Cable Wants to Keep the Box Closed

The chief of the cable lobby prefers a "targeted approach" to telecom reform. Take that pesky July 2006 prohibition on integrated set-top boxes, for example. That could go.

The National Cable Telecommunications Association this week filed an ex parte comment with the FCC requesting the 2006 deadline be dashed. The deadline arises from the 1996 Telecom Act directing the FCC to make cable set-tops available as a retail item. The FCC thus directed the cable industry to separate the security and non-security functions of their set-tops, and to stop making integrated set-tops -- i.e., those with both functions -- by July, 2006. The logic was that if cable operators continued to make proprietary integrated set-tops, competing vendors wouldn't stand a chance.

CableCARDS represent the progeny of the legislation in the sense that they are separate security devices for television sets that have built-in non-security set-top functions. Unidirectional Digital Cable Ready Products, they are called, or "UDCPs."

The NCTA filing argued that CableCARDS, which became available last July, are doing just fine in the market, and don't require the prohibition of proprietary integrated set-tops.

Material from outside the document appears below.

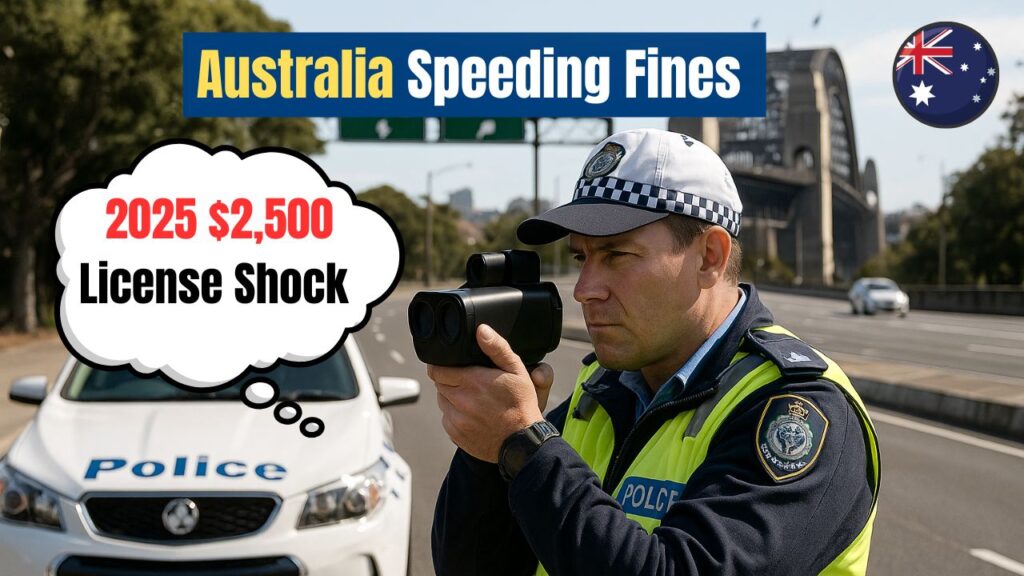 Australia’s 2025 Fines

"Within a few months, the number of ...CableCARD-enabled products has grown to over 140 devices from 11 manufacturers," the filing stated. "The number of CableCARDS deployed in the field working with UDCPs has increase from zero to approximately 10,000."

NCTA said separating security functions costs too much and impedes cable's ability to go all-digital.

"Cable operators will need to be able to deploy digital-to-analog converters to sustain the many legacy analog devices that remain in customers homes," the filing stated. "To add a CableCARD interface to every converter that needs to connect to every analog device in the home will represent a serious impediment to the discontinuance of analog transmission."

The Consumer Electronic Association, whose members have dropped beaucoup bucks on the UDCP introduction, responded with a filing of its own.

"Innovation and consumer choice hang in the balance," it stated. "The only tangible result of more than a decade of cable compatibility negotiations and regulation is that one-way televisions [UDCPs] are at a significant disadvantage when compared to cable operators' own leased set-top boxes.

"Cable has had years to prepare for the compliance date and has succeeded in delaying implementation every step of the way. There is simply no tangible case for any further delay."